Please restate, word for word, the lines below that begin at the one with "BBQ Lover Long" and end at the one with "State Pool Sign". Leave out all other lines.

■ **RECORDS TO PROCESS**
__________
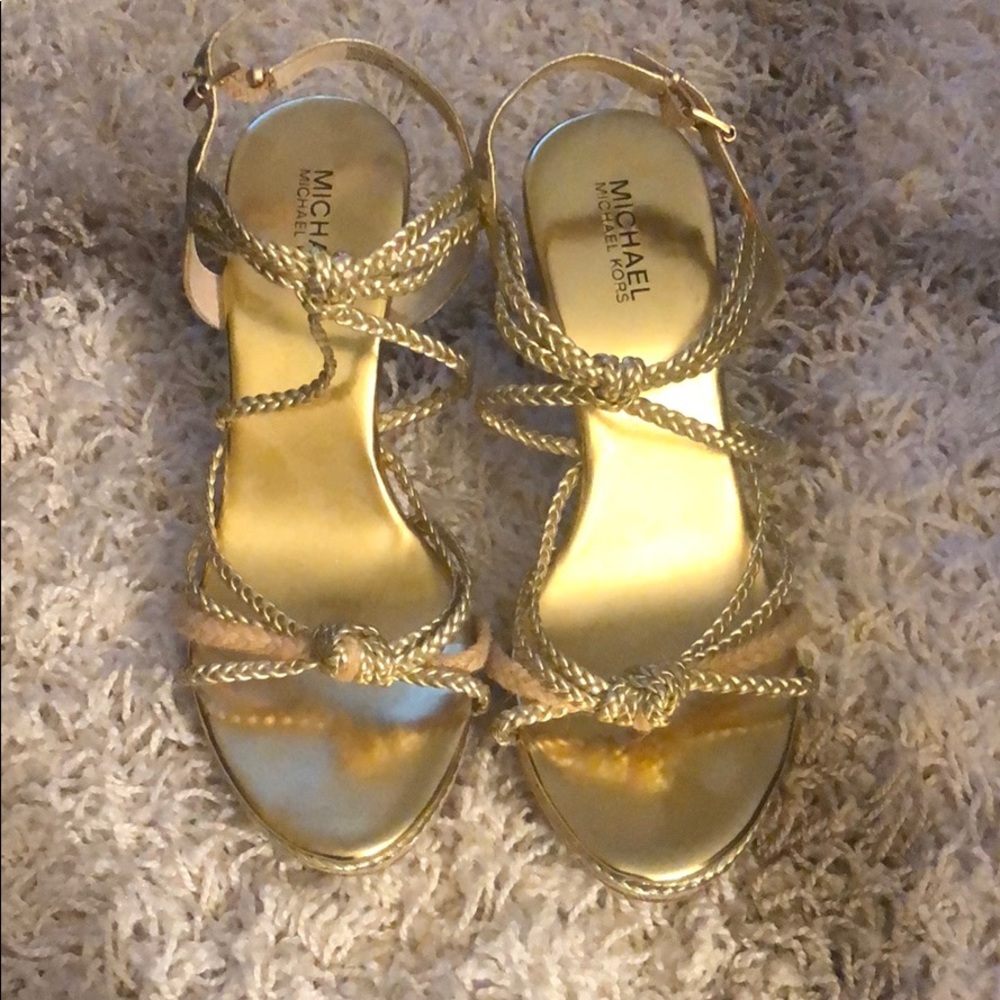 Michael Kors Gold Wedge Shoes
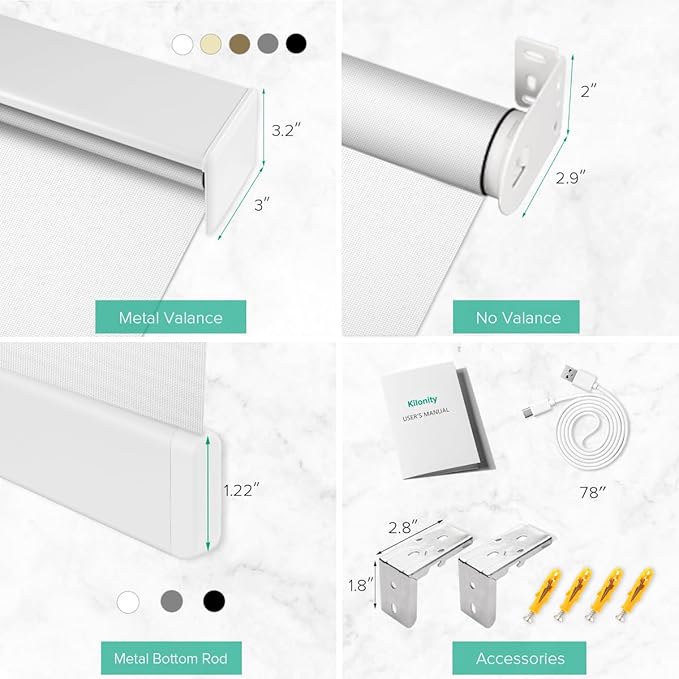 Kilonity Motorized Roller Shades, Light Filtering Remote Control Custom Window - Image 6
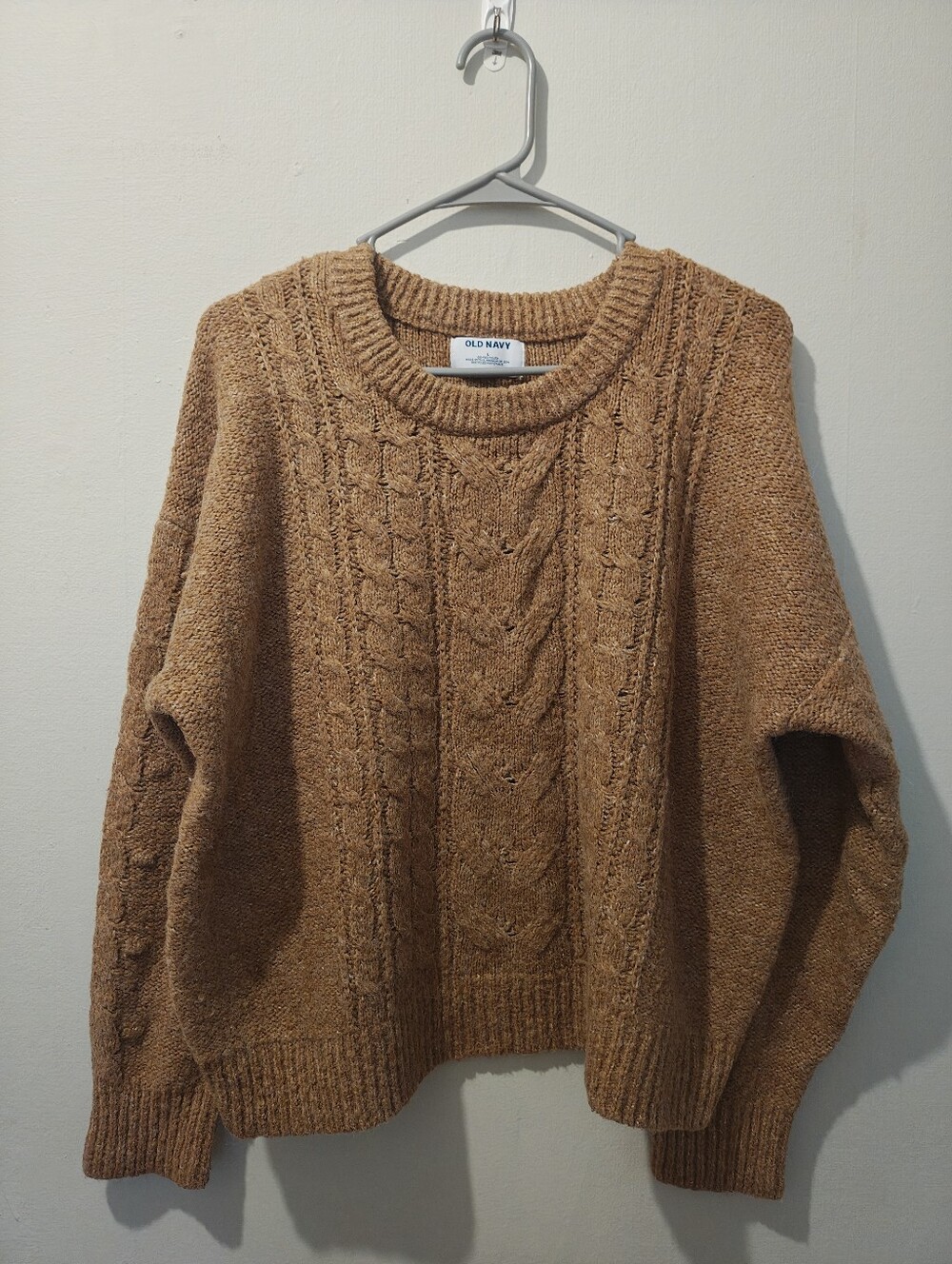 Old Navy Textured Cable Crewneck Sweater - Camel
__________
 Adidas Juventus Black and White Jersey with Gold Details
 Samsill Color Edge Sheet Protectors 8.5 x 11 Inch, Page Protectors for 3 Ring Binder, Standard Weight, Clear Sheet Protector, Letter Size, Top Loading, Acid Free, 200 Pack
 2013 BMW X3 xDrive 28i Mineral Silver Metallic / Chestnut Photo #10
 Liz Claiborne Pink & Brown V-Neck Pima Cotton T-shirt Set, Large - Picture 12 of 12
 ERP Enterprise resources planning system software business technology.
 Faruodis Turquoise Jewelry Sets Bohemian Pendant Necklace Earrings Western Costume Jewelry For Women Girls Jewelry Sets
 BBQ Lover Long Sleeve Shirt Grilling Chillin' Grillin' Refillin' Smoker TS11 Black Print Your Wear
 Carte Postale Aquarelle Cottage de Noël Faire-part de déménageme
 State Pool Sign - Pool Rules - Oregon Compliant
__________
■ **EXPECTED OUTPUT**
 BBQ Lover Long Sleeve Shirt Grilling Chillin' Grillin' Refillin' Smoker TS11 Black Print Your Wear
 Carte Postale Aquarelle Cottage de Noël Faire-part de déménageme
 State Pool Sign - Pool Rules - Oregon Compliant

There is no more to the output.